美和さんはなにか言いたげだったが、広橋くんが「分かった」と頷いた。
「上まで頼む。このとおりだ」
深く頭を下げてくる。こっちもちょっとホッとした。置いていきますとか言われたら、それはそれで困る。
「対価は……金銭くらいしか思いつかないが。なにか欲しいものがあるなら言ってほしい。とは言っても、俺たちはここの十二階までしか行ったことがない。あんたたちならもっと深く潜れるだろうから、ドロップアイテムでは無理か」
うーん。対価とは言ったものの、特には思いつかない。
「まぁ、それは上で決めようか。二人は水晶で先に戻っとって。ついでに日野くんも」
「えっなんでですか! 俺も手伝いますよ! もう魔力も回復してるし」
「いや、時間的にな。最終電車、間に合わんで?」
「はうっ」
ばっと日野くんが腕時計を覗き込んだ。もう午後五時を過ぎている。走れるところは走ったとしても、日帰りできなくなる。だいたい今は終電の時間自体早くなってるからなぁ。
「あれ渡すんやろう?」
「そうですけど」
「ぶっちゃけるとな、俺一人のが速い」
言外に足手まといだと言われて、日野くんが顔を歪める。でも実際、日野くんがいないなら、爆走できるんだなぁ。
「……分かりました。一緒に上に戻ります」
「おん。ほんで先に帰り。ドロップアイテムは後日会ったときに分けようや」
「嫌です。上に帰ったら、電話いれます。これで先に帰るとか、逆に怒られます」
ちょっと睨まれて、俺は肩をすくめた。まぁそう言うと思った。真面目なんだから。
「分かった。ほんなら上でな」
収納からキャリーワゴンを取り出す。広橋くんに手伝ってもらって、足を折り曲げるようにして田沢くんを乗せた。カバーを掛けて、衝撃に耐えられるように縛っておく。八階層の方へと、みんなでいっしょに戻った。俺たちは歩いているだけだ。
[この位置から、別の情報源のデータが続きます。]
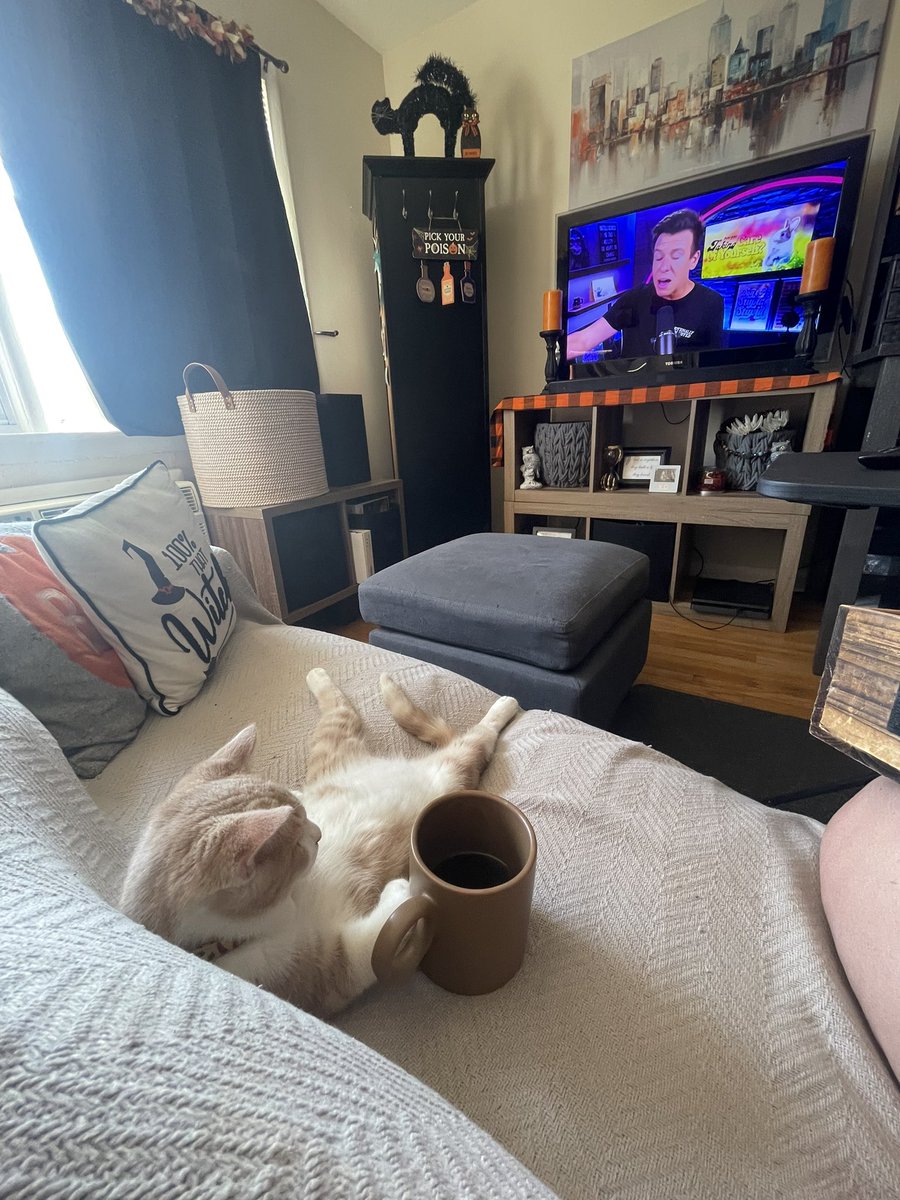 CalliHoostal's tweet photo. Little guy emotionally exhausted from a long day of sleeping, eating, and shitting. @PhillyD @LinzDeFranco #beautifulbastard #phillyd #emotionallyexhausted https://t.co/I7ZDm69V5B
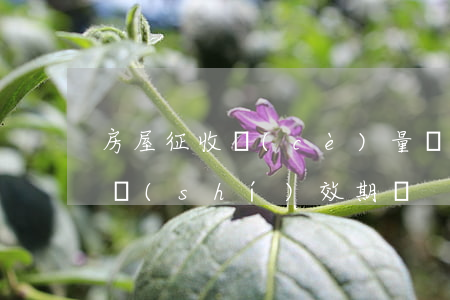 房屋征收測(cè)量評(píng)估有時(shí)效期嗎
ぬいぐるみたちが無双している。
「改めて見るとすごいな」
広橋くんが感心している。「魔力大丈夫ですか?」と日野くんが首を傾げた。
「ん〜今で七割くらいやな」
「まだそんなもんなんですか。ずっとぬいぐるみたち動いてるのに。使役系って魔力消費しないんですか?」
「さぁ。他の使役系に会うた事ないしな」
そもそも『ぬいぐるみ遣い』が使役系なのかどうかも知らない。いや、遣いだからそうなんだろうけど、いちいち命令して動かしているわけじゃないからなぁ。起動時に込める魔力以外はあまり消費しない。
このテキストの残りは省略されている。